When you drive your car, do you fasten your seat belt? Then, you understand the concept of threat modeling. And if you don’t use your seatbelt, you are still conducting some sort of threat modeling by accepting the risk of injury or death from an accident.

What is Threat Modeling?

Threat modeling approaches are as varied and numerous as the practitioners who implement them. As Adam Shostack points pointed out in ‘Threat Modeling: Designing for Security[1], threat modeling is essentially a process of answering these four questions:

  1. What are you building?
  2. What can go wrong?
  3. What should you do about what can go wrong?
  4. Did you do a decent job of analysis?

The framework you use isn’t as important as answering those questions, and depending on your goals, different frameworks will make more sense. STRIDE, for example, was created by a software company for the modeling of their applications during the development process, so it naturally applies to software development.

Spoofing

Tampering

Repudiation

Information Disclosure

Denial of Service

Elevation of Privilege

This mnemonic was developed at Microsoft in 1999 as an approach to organizing their mindset around classes of threats to their applications. You may have also heard of other frameworks or methodologies such as VAST, DREAD, or OCTAVE.

Think beyond application or product development, though. Does your network engineering team model threats to the network? Does your directory engineering team model threats to their directory implementation? What about operations teams, like desktop or facilities? While these groups are constantly thinking about and reacting to perceived threats, it is more of an informal process that relies on tribal knowledge and rarely produces any documentation. These teams would benefit from a formalized process of threat modeling that documents the identified threats and mitigation responses to help security efforts. Those documents may include a threat heat map, security design document, and often backlog items or work tickets to implement mitigation strategies.

Why Perform Threat Modeling

There are three benefits to modeling threats at every organizational level. Scope network models as well as application models and roll those into an overarching system threat model for a more complete and actionable view.

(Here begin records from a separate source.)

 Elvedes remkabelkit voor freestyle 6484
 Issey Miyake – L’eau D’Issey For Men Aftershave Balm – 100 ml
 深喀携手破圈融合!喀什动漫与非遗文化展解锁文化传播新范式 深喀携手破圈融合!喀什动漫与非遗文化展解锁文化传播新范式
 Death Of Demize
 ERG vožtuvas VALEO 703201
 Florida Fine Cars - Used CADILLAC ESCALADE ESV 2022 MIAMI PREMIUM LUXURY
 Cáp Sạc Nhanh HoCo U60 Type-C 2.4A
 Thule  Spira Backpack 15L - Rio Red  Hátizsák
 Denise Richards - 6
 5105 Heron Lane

Understand Security Requirements

By identifying threats, you will better understand your system’s security requirements. For example, you may model a threat of information disclosure through email. By identifying this threat, you understand the security requirement for encrypting sensitive data transferred via email.

Defining security requirements in this way will lead to targeted defense strategies. A security requirement of “Encrypt sensitive data” is not as specific or defined as “Sensitive data must be encrypted in the database and may only be transmitted through email using Public Key Encryption.”

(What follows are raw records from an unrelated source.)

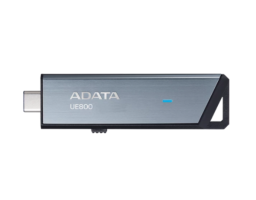 ADATA UE800 Elite 128Gb (AELI-UE800-128G-CSG)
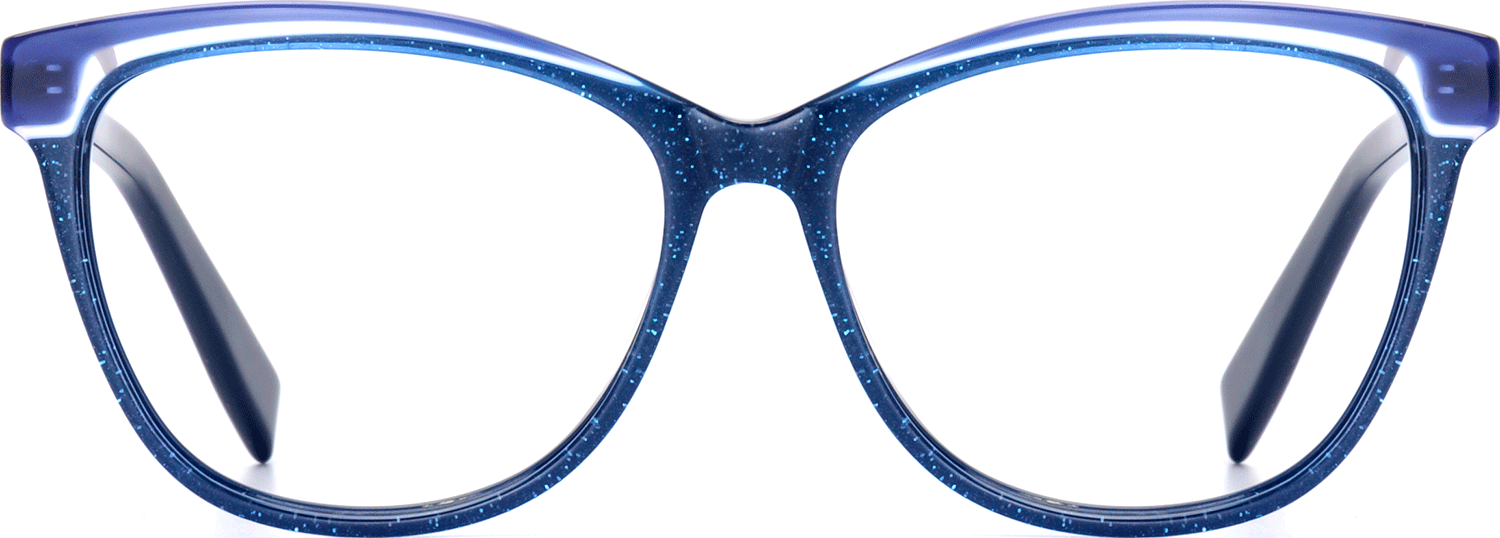 cateye-frame-eyeglasses-men-s-glasses-fytoo-optical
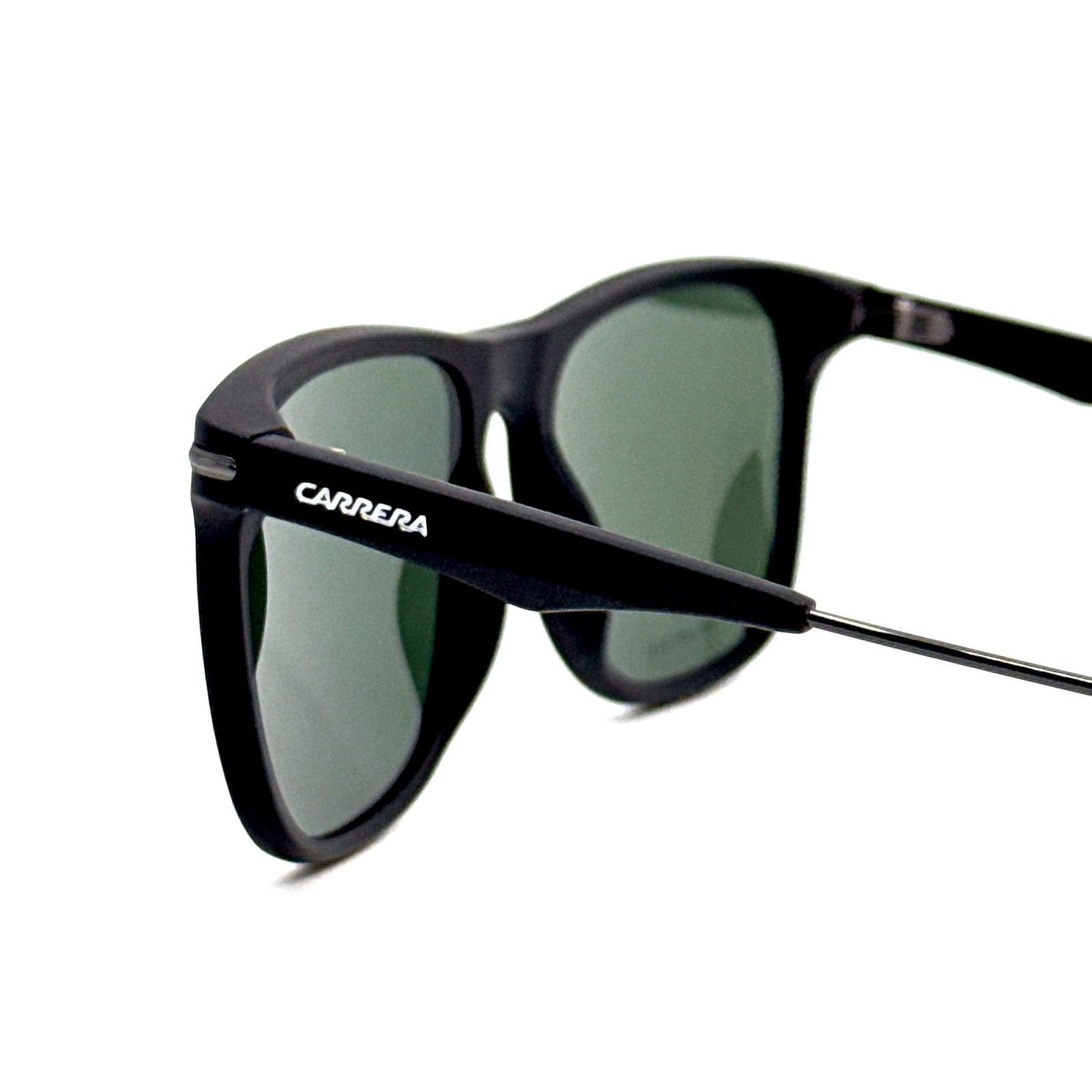 Carrera New, CARRERA Sunglasses 276/S 003UC Authentic Size ONE SIZE - 7 Thumbnail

Mitigate Threats Before A Breach

The process of threat modeling will help you identify and respond to threats before a costly incident brings them to your attention. Too often, vulnerabilities are only found after they have been exploited. And by then, the real damage has been done.

Identify Threats That May Not Have Been Considered

Taking an attacker’s perspective will help you identify entire classes of threats that technical teams may have unintentionally overlooked. It is human nature to consider things from the perspective of one’s experience; thinking like an attacker doesn’t come naturally to most people. However, attackers have their own perspective, so it is important to try to understand their motivations, which will uncover their objectives and reveal more threats.

In threat modeling, we call this process threat actor profiling. Ask yourself, what would a financially motivated outsider try to do to your organization? They will be looking for ways to monetize the attack. Stealing PII or financial data is probably high on their list of priorities.

Now think about a morally motivated activist. What would they be willing to do to stop what they believe to be unjust or evil? Denial of service or public embarrassment are probably high on their list.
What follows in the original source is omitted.